Manchester FinTech Ryft has raised £5.7m in Series A funding.
Ryft is developing technology that will empower acquiring banks, like Clearhaus, to compete with Stripe Connect, Adyen and similar payment providers by allowing them to automatically split payments and process payouts.
The round, which takes total investments in Ryft to £7.4m, was led by EdenBase, with participation from GPOS Investments, British Business Bank, Pembroke VCT, Sidebyside, and Ingenii VC.
The fundraising round was also joined by strategic angel investors, including executives at PayPal.
Ryft was founded by entrepreneurs Sadra Hosseini and Alex Mackenzie, whose digital platform, Butlr, was acquired by OrderPay in 2021. While building Butlr, the co-founders experienced highly limited options for compliant payment solutions that support marketplace and platform transaction flows.
Businesses operating within these models need to be able to capture, split, hold and process payments for various parties, often based on specific conditions.
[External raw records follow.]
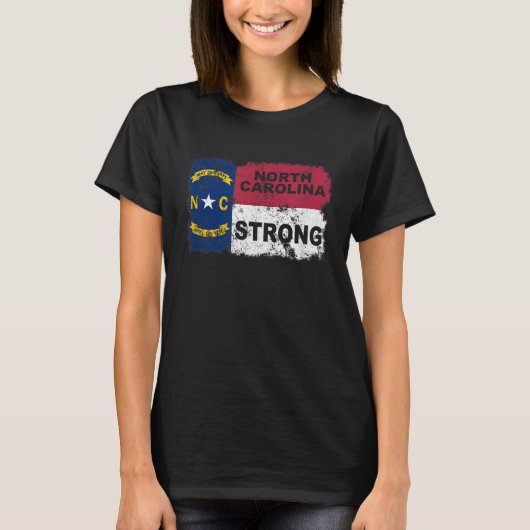 North Carolina Strong T - Shirt Pray Support NC Fl (Vorderseite)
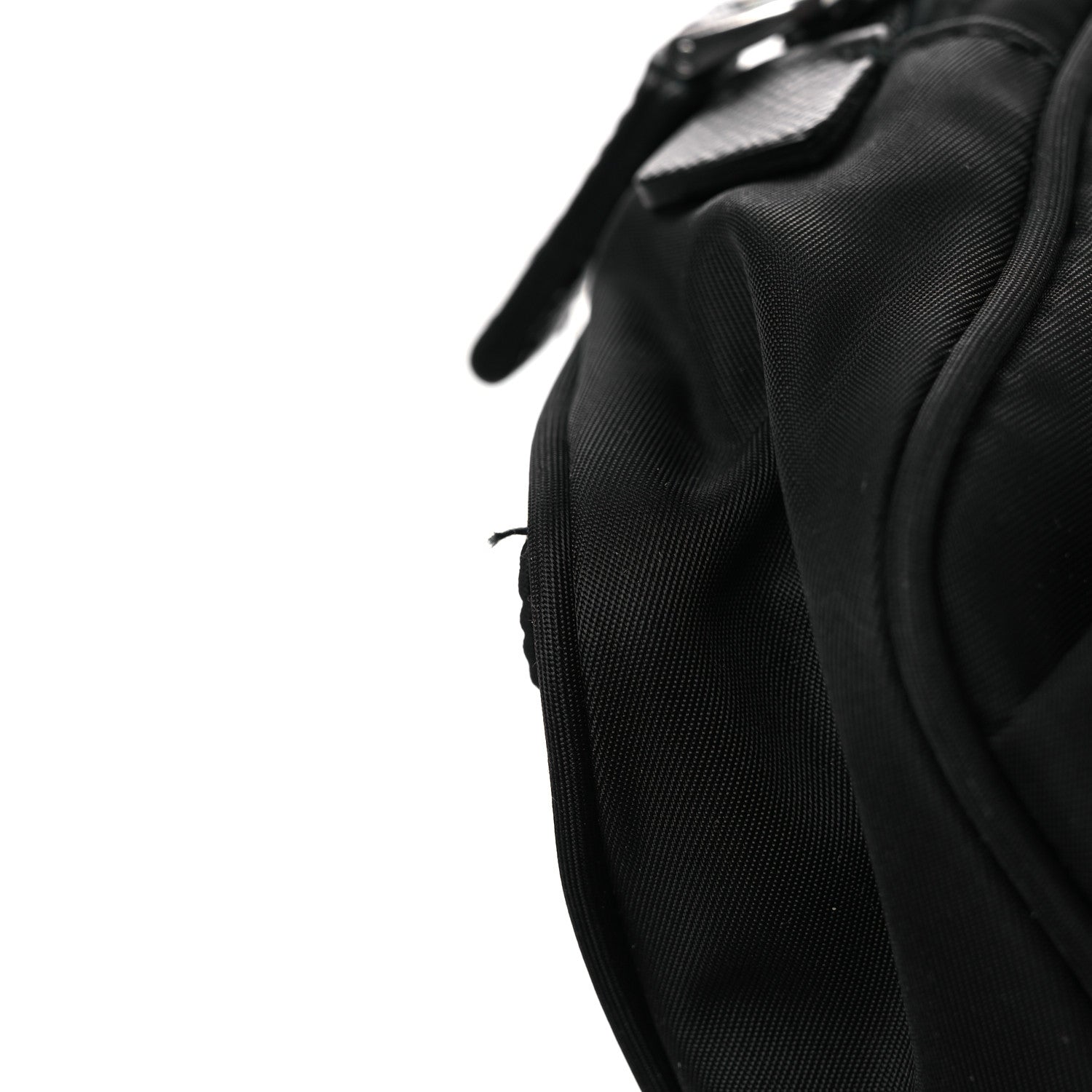 Re-Nylon Saffiano Belt Bag Black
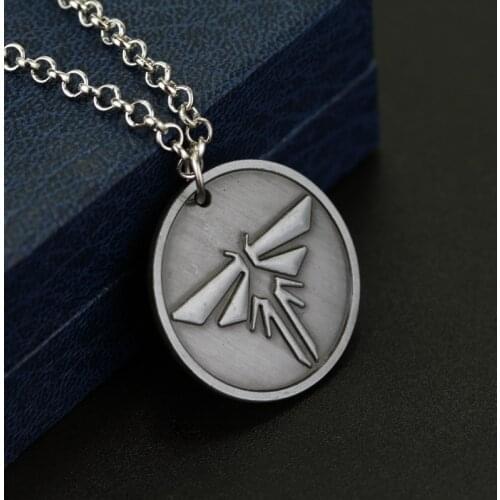 The Last Of Us Pendant Necklace The Last Survivors Round Grey Firefly Necklaces For Men Fashion Accessories Jewelery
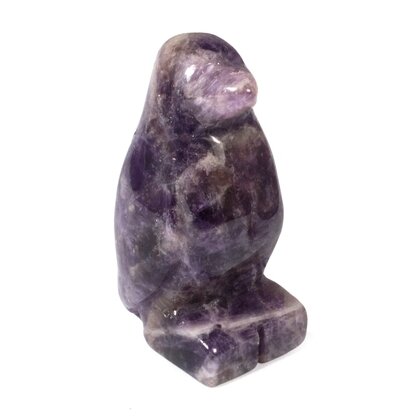 Chevron Amethyst Crystal Penguin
The founders say existing third-party payment facilitators are costly, complex and unsupportive; businesses have the option to build their own compliant infrastructure from scratch, but the incredibly high costs and extensive time requirements present significant barriers.
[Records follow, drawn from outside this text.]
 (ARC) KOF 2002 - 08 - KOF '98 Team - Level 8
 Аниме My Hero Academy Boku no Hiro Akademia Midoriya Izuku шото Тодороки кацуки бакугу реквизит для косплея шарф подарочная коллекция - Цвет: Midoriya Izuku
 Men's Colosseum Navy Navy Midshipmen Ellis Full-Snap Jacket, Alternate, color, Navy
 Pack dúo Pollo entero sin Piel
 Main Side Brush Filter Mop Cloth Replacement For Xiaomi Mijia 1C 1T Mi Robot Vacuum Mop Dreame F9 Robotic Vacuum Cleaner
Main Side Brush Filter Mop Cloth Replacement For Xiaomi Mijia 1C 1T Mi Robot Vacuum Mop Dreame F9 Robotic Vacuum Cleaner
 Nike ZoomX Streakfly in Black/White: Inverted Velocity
Ryft is challenging this by helping businesses efficiently process, manage and monetise payments at scale in a secure and compliant way. Over 1,500 businesses have already implemented Ryft to enable rapid growth without regulatory complications.
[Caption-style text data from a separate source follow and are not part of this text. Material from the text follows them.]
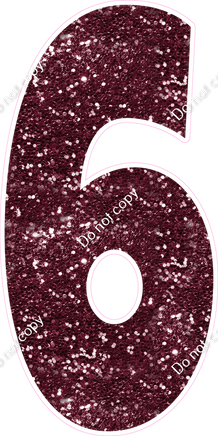 LG 47" Individuals - Sparkle Burgundy 6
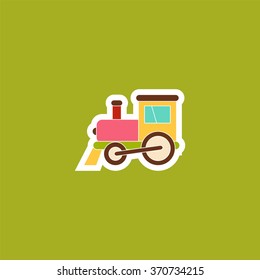 Train Toy Icon. Vector Illustration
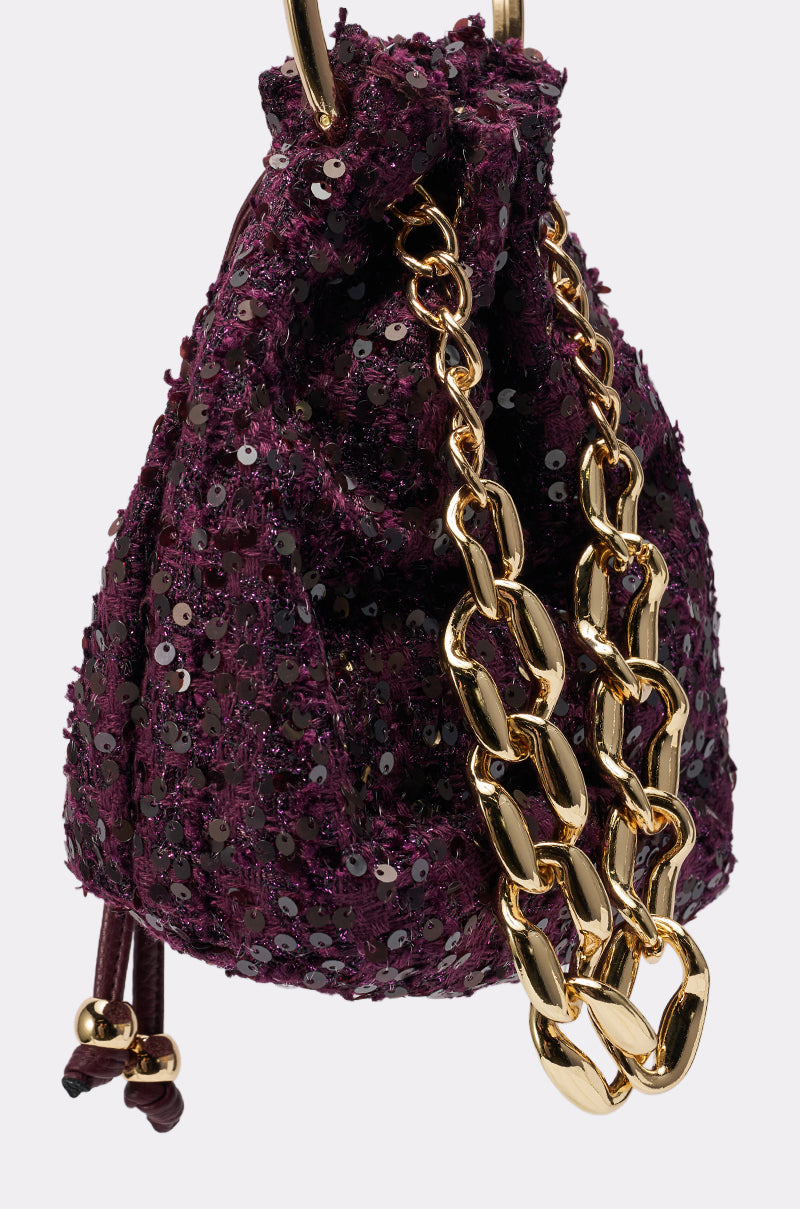 KARY TWEED BUCKET BAG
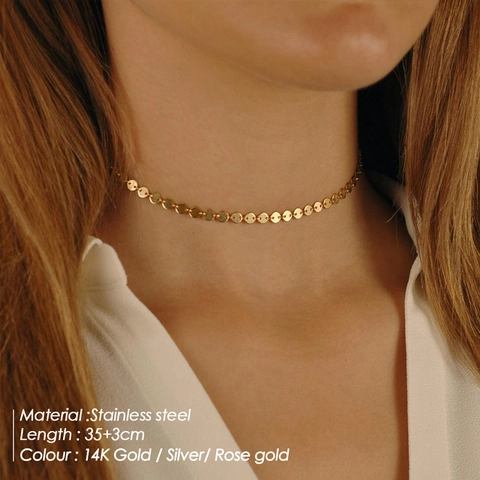 Set Collana a Doppio Strato in Acciaio Inossidabile da Donna Con Ciondolo Rettangolare Gioielli Minimalisti Oro Argento Rosa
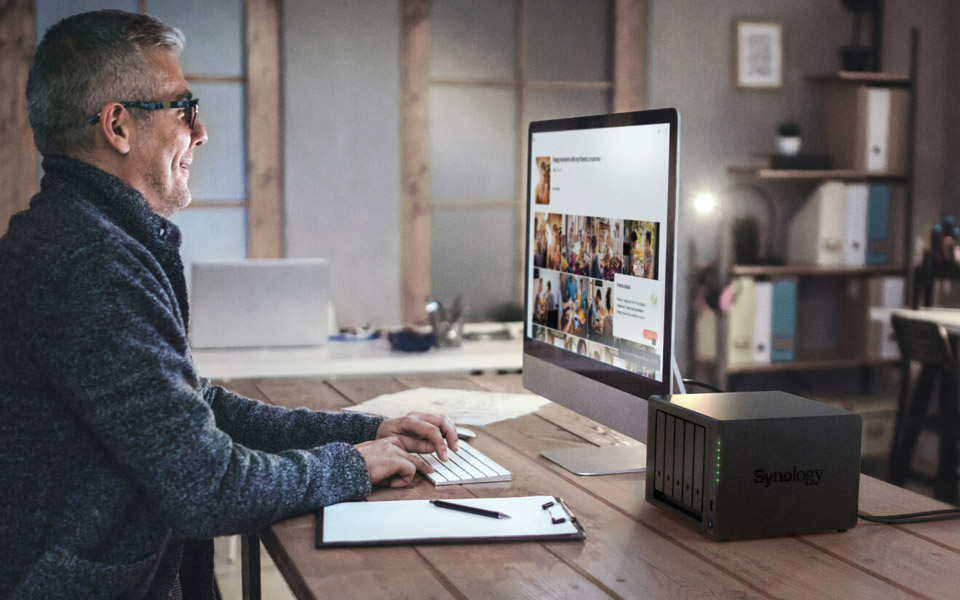 nas synology diskstation ds1522+ 80tb - 240tb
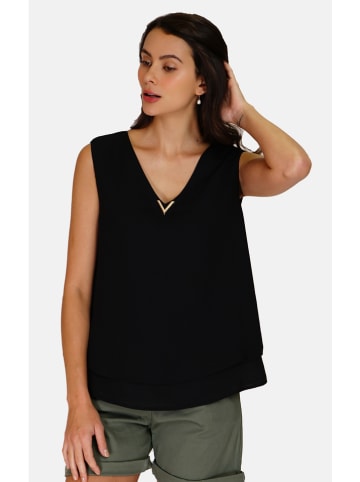 ASSUILI Blusentop in Schwarz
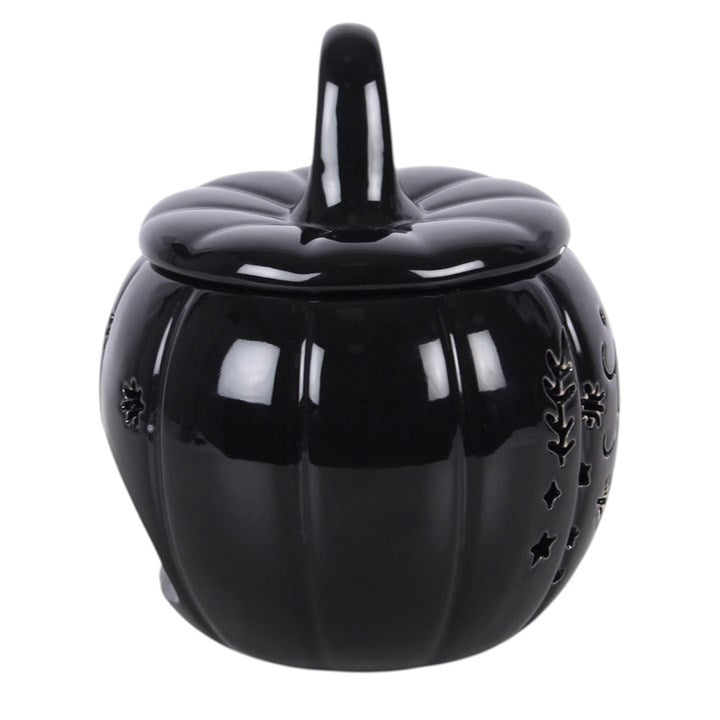 Black Folk Pumpkin Oil Burner and Wax Warmer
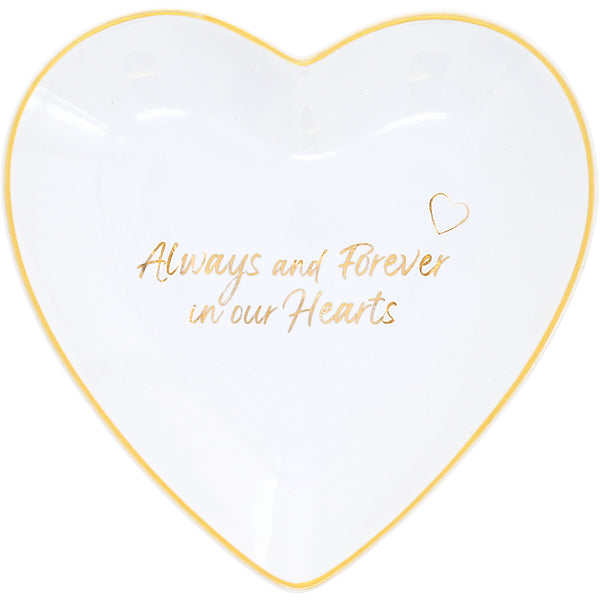pavilion gift company In Our Hearts 4.5" Heart Keepsake Dish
Now, the entrepreneurs are aiming to transform a $20tn acquiring ecosystem: Ryft claims to allow acquiring banks to automatically split payments and process payouts at a much lower cost than solutions offered by Stripe Connect or Adyen.
It also gives marketplaces and platforms the ability to hold funds until specific conditions are met through a delayed payments feature, facilitated by an escrow license. This enables acquiring banks to remain competitive in the modern commerce landscape by efficiently fulfilling the payment needs of marketplaces and digital platforms.
“Acquiring banks and most businesses were built for the one-to-one transactions of Commerce 1.0. However, in the era of Commerce 2.0, where transactions within a single marketplace involve numerous parties, financial institutions are struggling to deliver payment operations that meet the evolving needs of their customers,” said CEO Hosseini.
“As a result, they’re unable to compete with the likes of Stripe Connect and Adyen whose solutions currently dominate the payments ecosystem despite high fees, complicated integrations, poor support, and prolonged payment wait times. At Ryft, we have the technology that allows acquiring banks to overcome these hurdles and we’re actively exploring several strategic partnerships to solve this issue in the payments industry.”
Since its £1.2m seed funding in 2022, Ryft has secured its FCA license, partnered with American Express and Visa, and has become a Mastercard Network Enablement Partner.
Eric Van der Kleij, general partner at EdenBase, said: “Sadra and Alex are tried and tested entrepreneurs with first-hand experience of the headaches that finding a payment partner brings. As a result, they have created a unique solution that allows business owners to focus on growth, secure in the knowledge that their payments are being handled in a compliant, quick and cost-effective way.
“The renewed focus on growing the acquirer side of the business demonstrates their commitment to promoting efficiency and transparency in the marketplace and platform payments space, aligning with the modern demands of Commerce 2.0.”